16番(戸上幸子君)国民健康保険の問題についてです。先ほど聞きました調整交付金を交付しない省令ですが、これは省令第7条の3、交付しない場合は法第71条で減額された場合、こういうことです。法第71条というのは国健法の71条のことで、「市町村が確保すべき収入を不当に確保しなかった場合においてのみ」こういうことです。それ以外にはありませんので、この場ではっきりさせておきたいと思います。
 2問目に聞きましたマル特の問題です。この点について県の担当者に私はもう念を押して聞きました。これも当時の健康課の説明はでたらめでした。マル特の配分は県が決めます。その要件は3つあります。第1に、国民健康保険税の徴収率、これが高いか低いか。当然低いと削られます。
 第2に医療費の費用額、当然少ないのがいい。鳥羽は下から数えて五、六番目ですから優等生だと言っております。

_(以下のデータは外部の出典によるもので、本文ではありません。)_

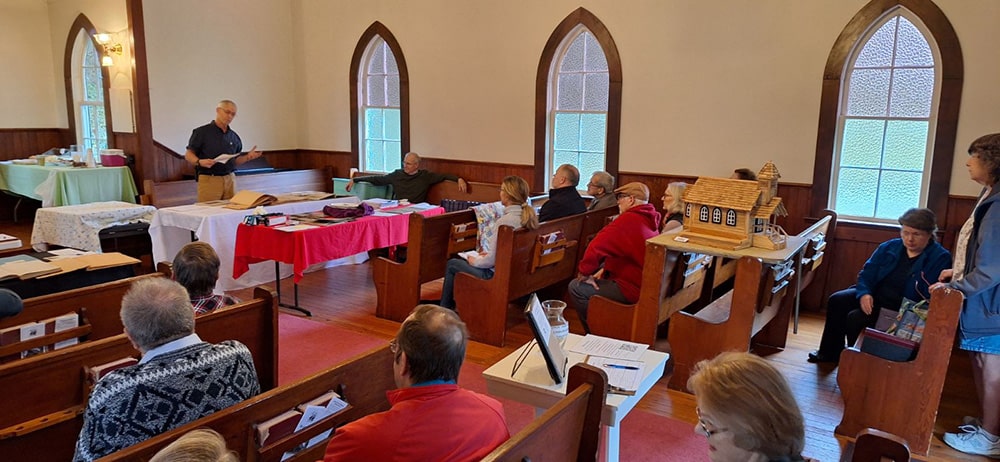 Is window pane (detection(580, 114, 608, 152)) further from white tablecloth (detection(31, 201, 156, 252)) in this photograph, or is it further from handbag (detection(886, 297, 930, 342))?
white tablecloth (detection(31, 201, 156, 252))

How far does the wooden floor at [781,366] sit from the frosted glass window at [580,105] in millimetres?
1879

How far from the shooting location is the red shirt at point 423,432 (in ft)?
5.24

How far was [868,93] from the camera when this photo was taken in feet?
17.0

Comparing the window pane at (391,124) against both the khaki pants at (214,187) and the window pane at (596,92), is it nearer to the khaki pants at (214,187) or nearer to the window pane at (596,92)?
the khaki pants at (214,187)

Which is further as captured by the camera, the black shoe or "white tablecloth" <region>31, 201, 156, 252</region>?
"white tablecloth" <region>31, 201, 156, 252</region>

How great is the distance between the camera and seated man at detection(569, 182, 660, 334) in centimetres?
392

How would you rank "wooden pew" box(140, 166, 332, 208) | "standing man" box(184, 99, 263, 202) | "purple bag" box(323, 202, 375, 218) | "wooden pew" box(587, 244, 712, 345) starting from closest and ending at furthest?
"wooden pew" box(587, 244, 712, 345) < "purple bag" box(323, 202, 375, 218) < "standing man" box(184, 99, 263, 202) < "wooden pew" box(140, 166, 332, 208)

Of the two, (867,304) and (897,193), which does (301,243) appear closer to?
(867,304)

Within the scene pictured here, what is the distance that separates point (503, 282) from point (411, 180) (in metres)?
3.03

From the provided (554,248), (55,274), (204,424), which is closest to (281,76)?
(554,248)

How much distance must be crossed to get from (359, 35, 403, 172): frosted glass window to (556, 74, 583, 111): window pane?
2.12 meters

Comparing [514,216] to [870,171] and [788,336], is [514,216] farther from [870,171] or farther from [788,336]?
[870,171]

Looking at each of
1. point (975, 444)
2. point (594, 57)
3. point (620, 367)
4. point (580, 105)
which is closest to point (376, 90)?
point (580, 105)

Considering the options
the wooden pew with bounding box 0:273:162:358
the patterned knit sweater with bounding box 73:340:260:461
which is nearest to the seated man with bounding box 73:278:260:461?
the patterned knit sweater with bounding box 73:340:260:461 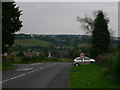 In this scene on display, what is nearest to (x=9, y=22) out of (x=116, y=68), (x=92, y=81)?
(x=92, y=81)

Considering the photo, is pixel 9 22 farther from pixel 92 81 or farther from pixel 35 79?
pixel 92 81

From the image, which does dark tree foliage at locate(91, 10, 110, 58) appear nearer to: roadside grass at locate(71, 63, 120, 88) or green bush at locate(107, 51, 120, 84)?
roadside grass at locate(71, 63, 120, 88)

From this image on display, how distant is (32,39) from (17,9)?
99.5 m

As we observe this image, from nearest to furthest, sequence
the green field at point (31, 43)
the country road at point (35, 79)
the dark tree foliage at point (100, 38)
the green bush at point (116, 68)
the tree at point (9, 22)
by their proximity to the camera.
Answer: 1. the green bush at point (116, 68)
2. the country road at point (35, 79)
3. the tree at point (9, 22)
4. the dark tree foliage at point (100, 38)
5. the green field at point (31, 43)

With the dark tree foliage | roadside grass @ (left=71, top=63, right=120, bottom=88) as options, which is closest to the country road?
roadside grass @ (left=71, top=63, right=120, bottom=88)

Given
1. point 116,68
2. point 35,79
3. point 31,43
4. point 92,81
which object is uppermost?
point 31,43

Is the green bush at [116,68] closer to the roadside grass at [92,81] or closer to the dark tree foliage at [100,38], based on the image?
the roadside grass at [92,81]

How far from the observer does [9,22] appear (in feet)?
147

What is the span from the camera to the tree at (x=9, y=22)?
43938 mm

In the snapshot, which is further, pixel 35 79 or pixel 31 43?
pixel 31 43

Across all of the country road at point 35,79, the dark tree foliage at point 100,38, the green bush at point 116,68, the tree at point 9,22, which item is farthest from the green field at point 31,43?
the green bush at point 116,68

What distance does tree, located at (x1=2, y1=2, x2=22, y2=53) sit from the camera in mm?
43938

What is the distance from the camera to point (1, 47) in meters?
44.8

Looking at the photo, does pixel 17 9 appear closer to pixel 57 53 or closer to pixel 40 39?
pixel 57 53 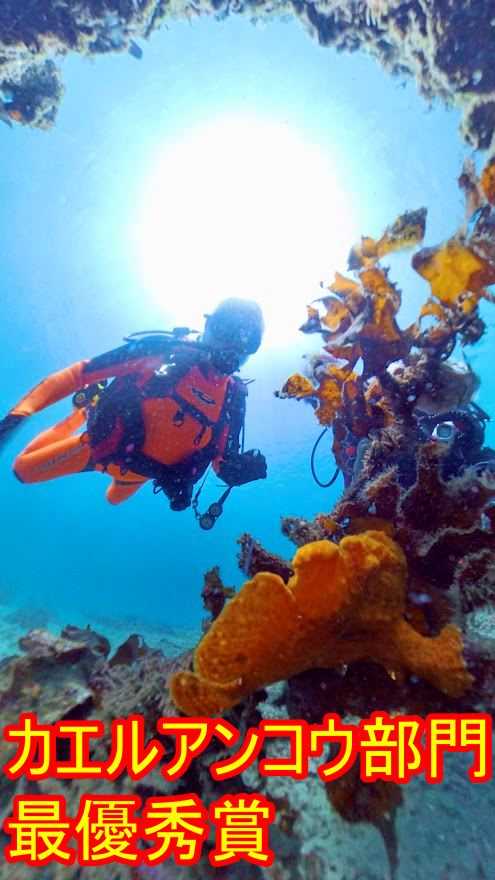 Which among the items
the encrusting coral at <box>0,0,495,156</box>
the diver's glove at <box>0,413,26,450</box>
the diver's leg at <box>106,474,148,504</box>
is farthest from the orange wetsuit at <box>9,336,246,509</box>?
the encrusting coral at <box>0,0,495,156</box>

 第3に健康事業。鳥羽はこれも頑張っているという県の評価です。徴収率だけが落ちております。だが、あと2つを頑張っているので交付金を減らす理由がない、こういう回答でした。
 一体、値下げしたらマル特がなくなるとか、基金を削ったら制裁があるとか、どこの話なのかと。県は県でも一体どこの県なのか、捏造もいいかげんにしろと、私は言いたいです。しかも、運協で当時の健康課長は国保税を下げないからマル特をもらえるのであって、私たちの経営努力ですよなどと言っております。10億円も市民から取り過ぎておいて、でたらめの判断で経営努力というのは何という言いぐさでしょうか。そもそも国健法にも厚労省の省令にも国保税を引き下げたら制裁する、交付金をカットするなどという文言はありません。これもはっきり確認をしておきます。

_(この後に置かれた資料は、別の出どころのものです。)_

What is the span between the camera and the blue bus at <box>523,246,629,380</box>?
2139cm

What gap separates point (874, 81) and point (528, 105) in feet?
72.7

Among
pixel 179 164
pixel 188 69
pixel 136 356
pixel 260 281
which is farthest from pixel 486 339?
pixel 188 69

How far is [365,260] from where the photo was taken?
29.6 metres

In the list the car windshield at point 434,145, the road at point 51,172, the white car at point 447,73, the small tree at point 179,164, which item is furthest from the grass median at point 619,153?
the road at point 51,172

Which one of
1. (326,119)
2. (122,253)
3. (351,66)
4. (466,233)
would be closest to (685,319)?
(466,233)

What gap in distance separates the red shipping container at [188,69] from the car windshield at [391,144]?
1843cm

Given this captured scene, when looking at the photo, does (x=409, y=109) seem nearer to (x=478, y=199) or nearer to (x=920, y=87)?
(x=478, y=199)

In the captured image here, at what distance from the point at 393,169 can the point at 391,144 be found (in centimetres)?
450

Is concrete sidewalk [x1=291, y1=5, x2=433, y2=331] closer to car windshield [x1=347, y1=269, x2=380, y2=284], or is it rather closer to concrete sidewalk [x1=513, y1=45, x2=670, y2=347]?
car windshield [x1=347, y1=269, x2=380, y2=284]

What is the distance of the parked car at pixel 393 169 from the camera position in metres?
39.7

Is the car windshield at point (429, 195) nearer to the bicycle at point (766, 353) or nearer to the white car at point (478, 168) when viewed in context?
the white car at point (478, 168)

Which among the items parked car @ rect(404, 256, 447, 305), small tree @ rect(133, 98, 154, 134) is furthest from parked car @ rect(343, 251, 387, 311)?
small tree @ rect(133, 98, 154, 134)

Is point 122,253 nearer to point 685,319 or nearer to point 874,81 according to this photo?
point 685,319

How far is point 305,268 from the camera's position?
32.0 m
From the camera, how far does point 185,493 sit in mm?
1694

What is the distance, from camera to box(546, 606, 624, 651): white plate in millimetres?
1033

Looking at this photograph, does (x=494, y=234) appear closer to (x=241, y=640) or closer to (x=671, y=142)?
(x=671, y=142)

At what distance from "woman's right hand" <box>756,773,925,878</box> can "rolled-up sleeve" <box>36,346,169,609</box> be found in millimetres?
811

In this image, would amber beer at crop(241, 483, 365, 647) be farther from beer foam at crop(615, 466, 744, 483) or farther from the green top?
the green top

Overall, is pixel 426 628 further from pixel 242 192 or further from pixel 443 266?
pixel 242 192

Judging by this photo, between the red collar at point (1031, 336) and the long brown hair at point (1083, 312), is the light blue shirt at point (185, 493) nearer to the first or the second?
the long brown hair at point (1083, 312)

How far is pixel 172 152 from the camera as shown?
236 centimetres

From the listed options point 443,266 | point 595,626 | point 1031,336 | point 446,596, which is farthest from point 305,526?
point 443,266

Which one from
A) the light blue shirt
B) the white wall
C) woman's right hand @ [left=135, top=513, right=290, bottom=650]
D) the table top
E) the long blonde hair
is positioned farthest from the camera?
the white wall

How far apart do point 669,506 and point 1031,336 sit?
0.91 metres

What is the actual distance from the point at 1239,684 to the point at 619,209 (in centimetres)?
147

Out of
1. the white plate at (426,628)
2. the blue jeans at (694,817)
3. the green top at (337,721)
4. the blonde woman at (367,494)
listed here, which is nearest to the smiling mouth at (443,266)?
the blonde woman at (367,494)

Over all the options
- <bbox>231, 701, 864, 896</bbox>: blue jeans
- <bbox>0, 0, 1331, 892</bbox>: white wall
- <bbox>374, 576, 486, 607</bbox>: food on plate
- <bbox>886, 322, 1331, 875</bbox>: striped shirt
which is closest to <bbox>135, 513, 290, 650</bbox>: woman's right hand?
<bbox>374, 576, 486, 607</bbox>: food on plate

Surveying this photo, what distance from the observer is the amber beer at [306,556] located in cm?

 3問目で聞きました15年度に国保税を引き下げた市町村、これについては承知していないようですね。したがって、どんな制裁があったのかなかったのかも承知しないままに運営協議会で制裁がある、制裁があると言ったということですね。これはもう明白ですね。

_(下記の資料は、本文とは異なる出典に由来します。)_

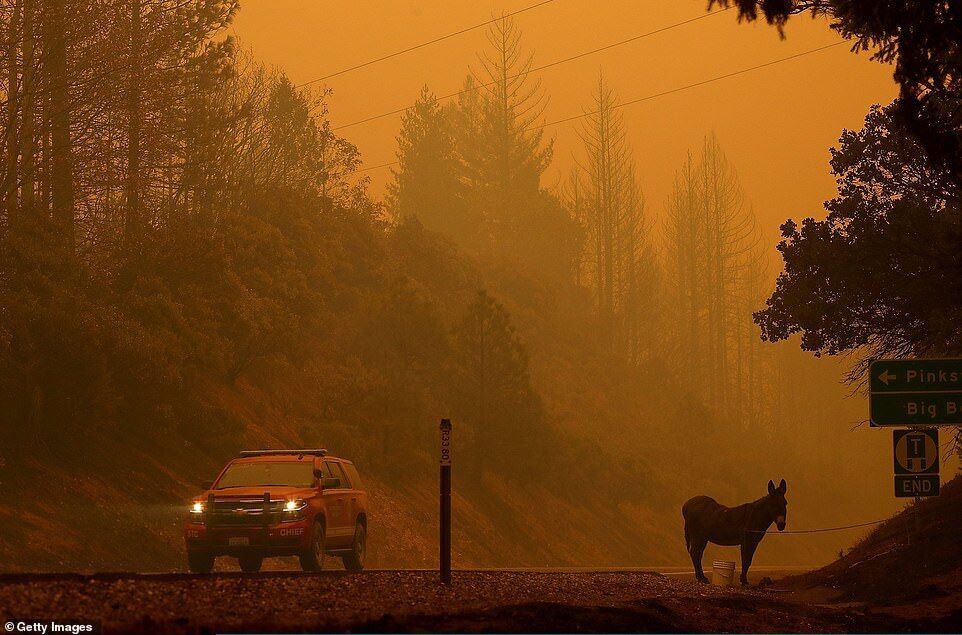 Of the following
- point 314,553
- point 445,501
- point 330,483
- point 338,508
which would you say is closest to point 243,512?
point 314,553

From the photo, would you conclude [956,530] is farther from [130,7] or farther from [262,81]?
[262,81]

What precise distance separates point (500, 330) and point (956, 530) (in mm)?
29210

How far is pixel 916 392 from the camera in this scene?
22.7m

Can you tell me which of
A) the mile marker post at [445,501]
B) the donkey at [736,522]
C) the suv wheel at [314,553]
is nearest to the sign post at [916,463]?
the donkey at [736,522]

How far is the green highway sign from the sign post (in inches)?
13.4

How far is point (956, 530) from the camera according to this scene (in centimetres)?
2619

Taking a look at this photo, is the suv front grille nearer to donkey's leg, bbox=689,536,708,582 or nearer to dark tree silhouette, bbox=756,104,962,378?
donkey's leg, bbox=689,536,708,582

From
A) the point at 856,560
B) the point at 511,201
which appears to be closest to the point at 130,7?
the point at 856,560

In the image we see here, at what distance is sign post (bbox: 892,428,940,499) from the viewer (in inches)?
887

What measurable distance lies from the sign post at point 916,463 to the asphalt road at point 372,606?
380 cm

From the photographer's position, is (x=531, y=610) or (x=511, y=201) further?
(x=511, y=201)

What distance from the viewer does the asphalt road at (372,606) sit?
11.5 m

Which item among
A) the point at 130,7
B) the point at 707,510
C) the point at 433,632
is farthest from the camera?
the point at 130,7

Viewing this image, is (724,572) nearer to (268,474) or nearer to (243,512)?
(268,474) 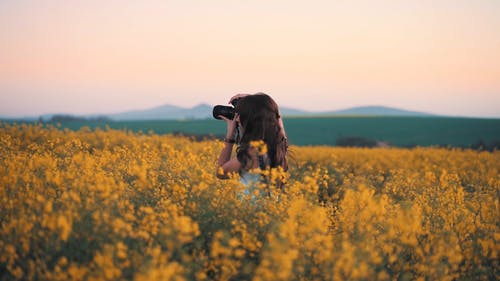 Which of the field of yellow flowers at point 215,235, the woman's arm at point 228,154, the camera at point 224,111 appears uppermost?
the camera at point 224,111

 県の資料によりますと、15年度伊勢市、久居市、楠町、美里村、大台町、玉城町が下げております。いずれも県は一切制裁しておりません。交付金もカットしておりません。例えば、この中の一つ、お隣の伊勢市ですが、ここ10年、毎年国保料を引き下げております。なぜかといいますと、平成8年の運協で当時10億円もあった基金をどうするか議論をし、市民負担軽減で一致しました。毎年、その後ずっと税の賦課総額そのものを据え置いております。その不足分を基金約3億円を取り崩し国保料の引き下げに充当、またそのことによって徴収率も上げております。
 伊勢市の担当者に私は、何か制裁がありましたか。交付金がカットされた事実がありますかと聞きました。何もありませんと、もう明言しております。ちなみに、伊勢は国保加入世帯1万9,000です。鳥羽は5,000ちょっとですので、鳥羽の約4倍という運営です。それですので、鳥羽の繰越金、基金合わせて10億というのは伊勢市にとったら4倍しますと40億、伊勢市は40億もの基金、繰越金を持っているということになりますね。ちなみに、繰越金ですけれども、伊勢市は平成15年度2,000万円、16年度は1,600万円と、こういうことでやってきたということです。
 先ほど助役の答弁で、この当時の課長の説明が運協の結果を左右するような影響を与えなかったというような認識を示されましたですけれども、今こうして私が言ったのを聞いてもらえれば、いかに鳥羽の当時の担当課が運協の議論に事実を提供しないために結果を、近隣の伊勢市とこういう差を生んでいたと、これは事実だと思うんですね。
 そういった意味で、先ほど懲戒には当たらないという見解を助役は言われましたですけれども、きのう、きょうと木田市長の職員の意識改革、そして、一から見直し、こういうことを再三答弁されているわけですけれども、そうした新市長の姿勢からすれば、先ほどの助役の答弁はいかがなものかなと私は思いました。
 それで、担当課の課長は事実に即して今後改善をしていきたいと、運協にも早急に提案をしていきたいというような答弁がありましたですけれども、ぜひみずからに厳しい姿勢で臨んでいただきたいと思います。
 最後に、市長に政治姿勢の問題としてお尋ねします。
 市長は金のかからない改革を大いにやりたいとおっしゃっています。大事なのは、どうすれば市民の暮らし向上に役立てるか、そのことではないのでしょうか。基金もそうですけれども、少なくとも5億円の繰越金については何らかの形で納税者、市民に返す、そうなれば収納率の向上にもつながります。交付金もふえるかもわかりません。一挙両得です。それを担当課に今度こそまじめに研究させる。その上で運協の皆さんにも誤った報告をしました。本当はこうですと、事実を伝えて謝罪し、再度検討し直す。最小限行政当局としてそこまではしなければならない責任が現在生じていると私は思いますが、市長、いかがでしょうか。

◎市長(木田久主一君) 戸上議員の3問目の質問にお答えいたします。
 まず、健康保険の問題ですけども、今まで間違っていたことは間違っていたとはっきりと認めて、謝るべきところは謝っていかなければならないと思っております。ただ、この国民健康保険の黒字につきましては、今までさまざまな努力がなされてきたその結果であるということも言えると思いますし、それから健康を維持するため医療よりも予防ということをしっかり考えてきた結果であるというとも言えるんではないかなというふうに思っております。赤字の部門が大変多い中で、こういった黒字が大きく出ているというところはそれはそれでいいことではないかなと思っております。
 ただ、議員の言われることもよくわかりますので、今後、先ほど言いました予防面の施策等も十分考えながら事業の見直し、拡大、そして議員の要望されることについてもしっかりと検討していきたいと思っておりますので、ご理解を賜りたいと思います。